START RECORDS TO PROCESS

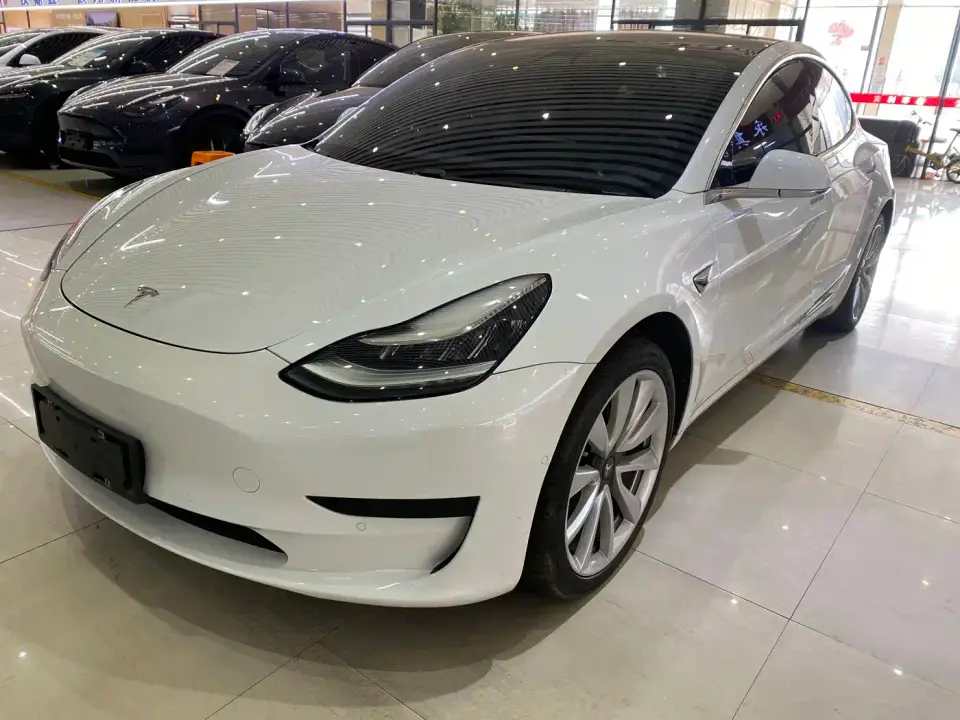 Tesla Model 3 Standard Range Rear-Wheel Drive Upgrade 2020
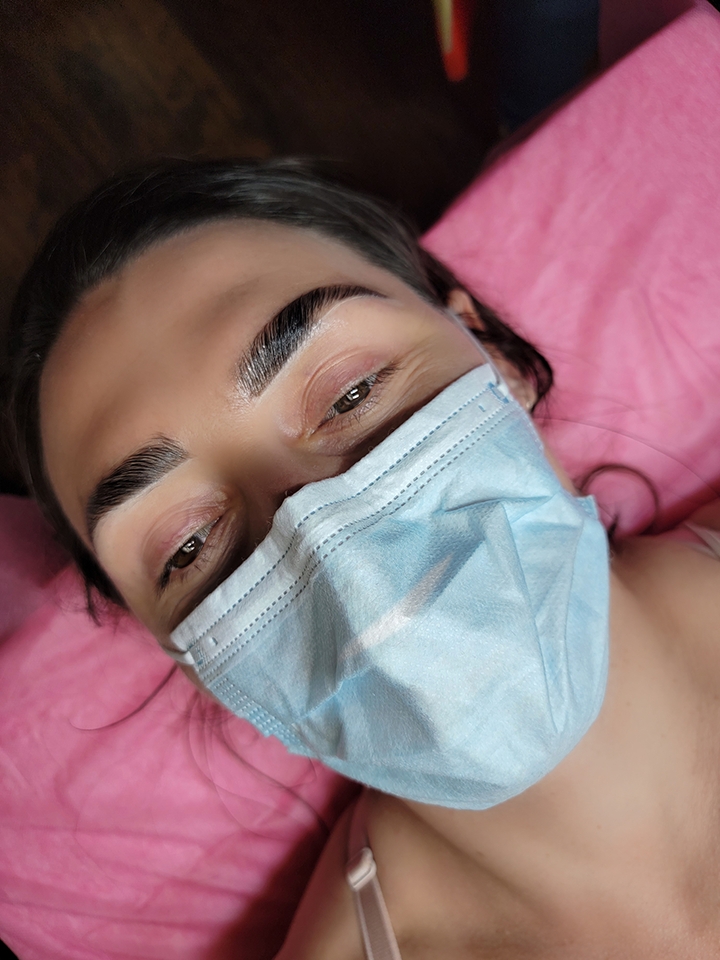 Brow Tinting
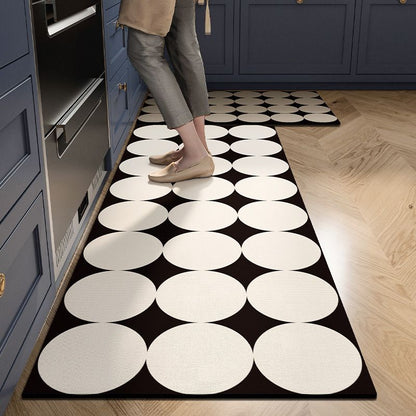 2pcs  kitchen waterproof mats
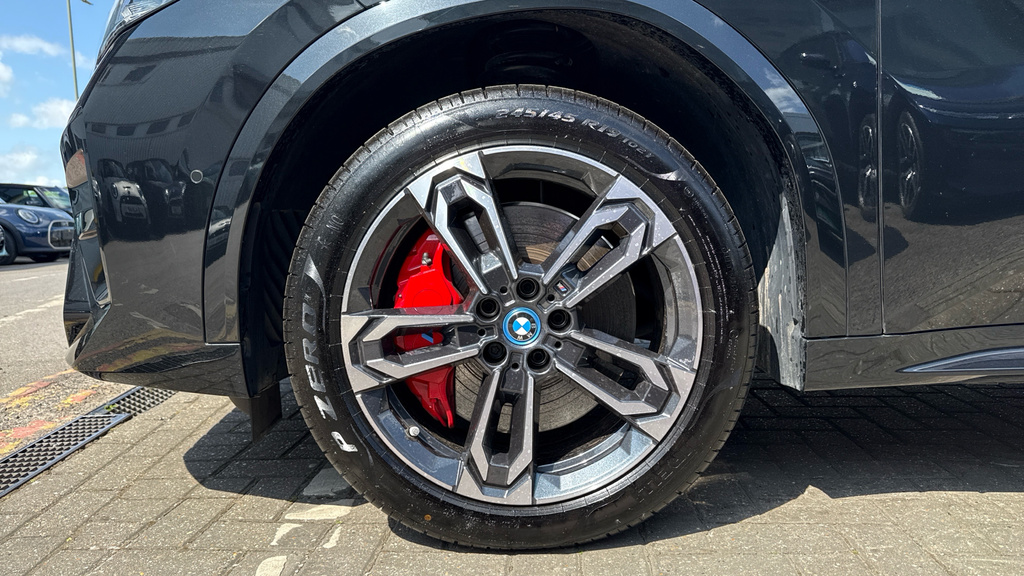 BMW iX2 Suv Red #14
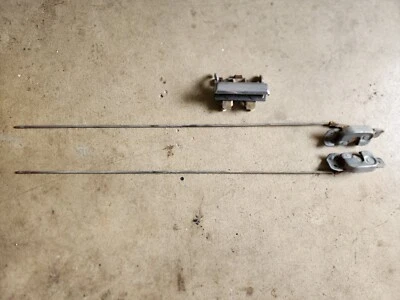 1987-97 Ford F150 F250 OBS Tailgate Handle Rods Latches and all fasteners  OEM  - Image 1 of 4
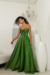 Vestido Jade Verde Oliva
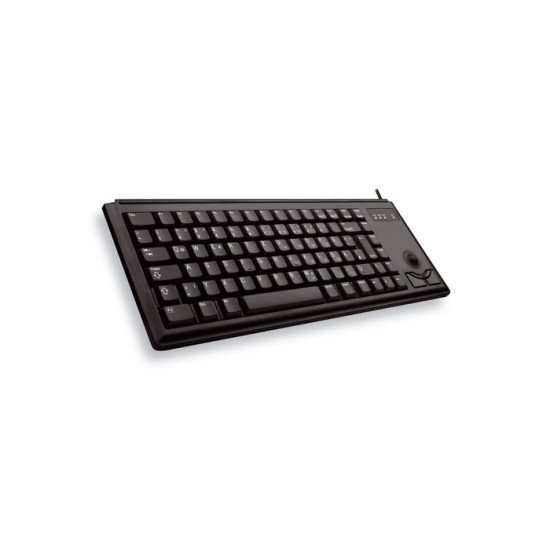 CHERRY G84-4400 clavier Universel PS/2 QWERTY Anglais américain Noir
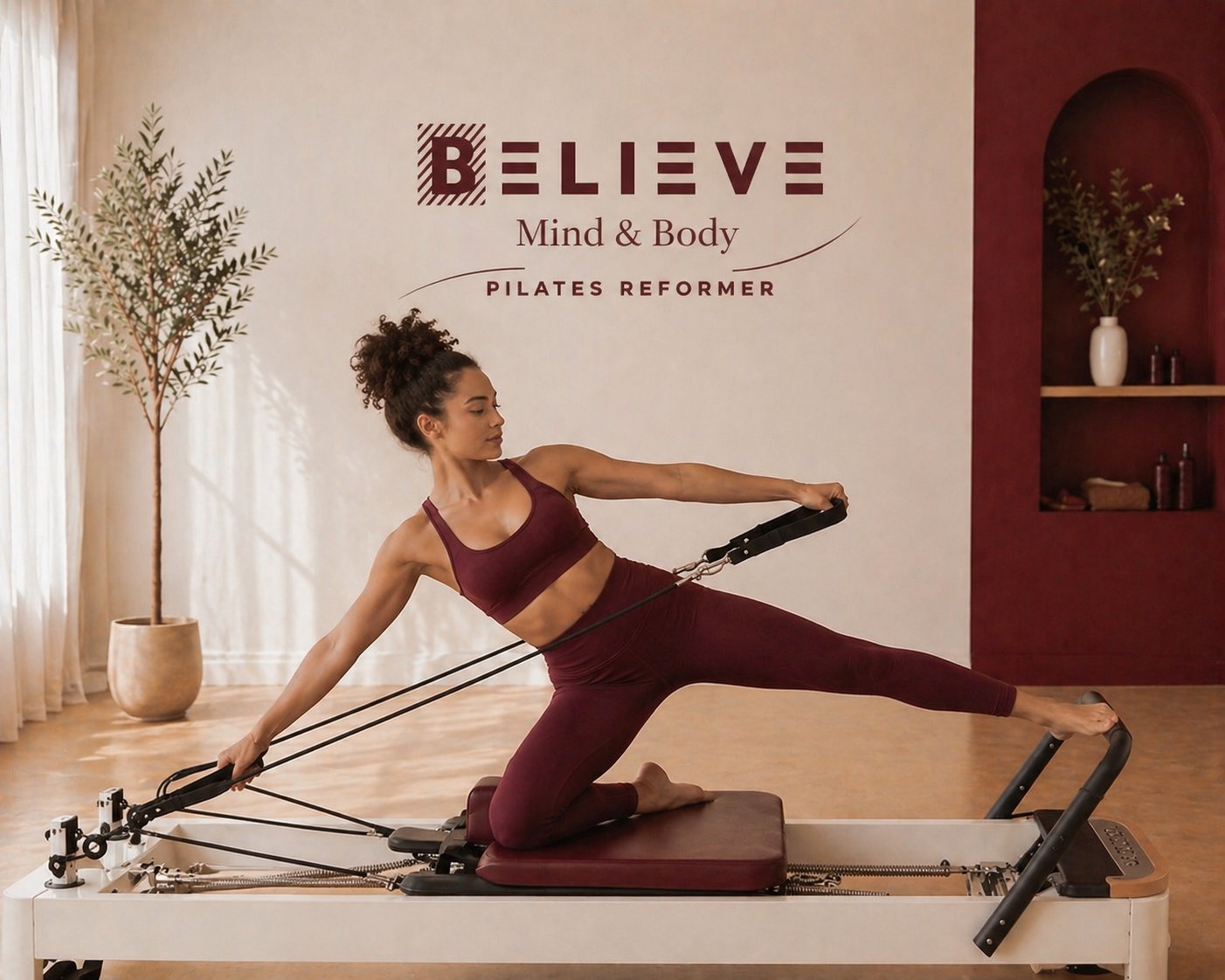 Abonnement Pilates Reformer sans engagement 4 cours / mois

END RECORDS TO PROCESS

**YOUR GOAL**
Could you please return the entries above exactly, minus the pictures?

**RESULT OF THE EXERCISE**
 Tesla Model 3 Standard Range Rear-Wheel Drive Upgrade 2020
 Brow Tinting
 2pcs  kitchen waterproof mats
 BMW iX2 Suv Red #14
 1987-97 Ford F150 F250 OBS Tailgate Handle Rods Latches and all fasteners  OEM  - Image 1 of 4
 Vestido Jade Verde Oliva
 CHERRY G84-4400 clavier Universel PS/2 QWERTY Anglais américain Noir
 Abonnement Pilates Reformer sans engagement 4 cours / mois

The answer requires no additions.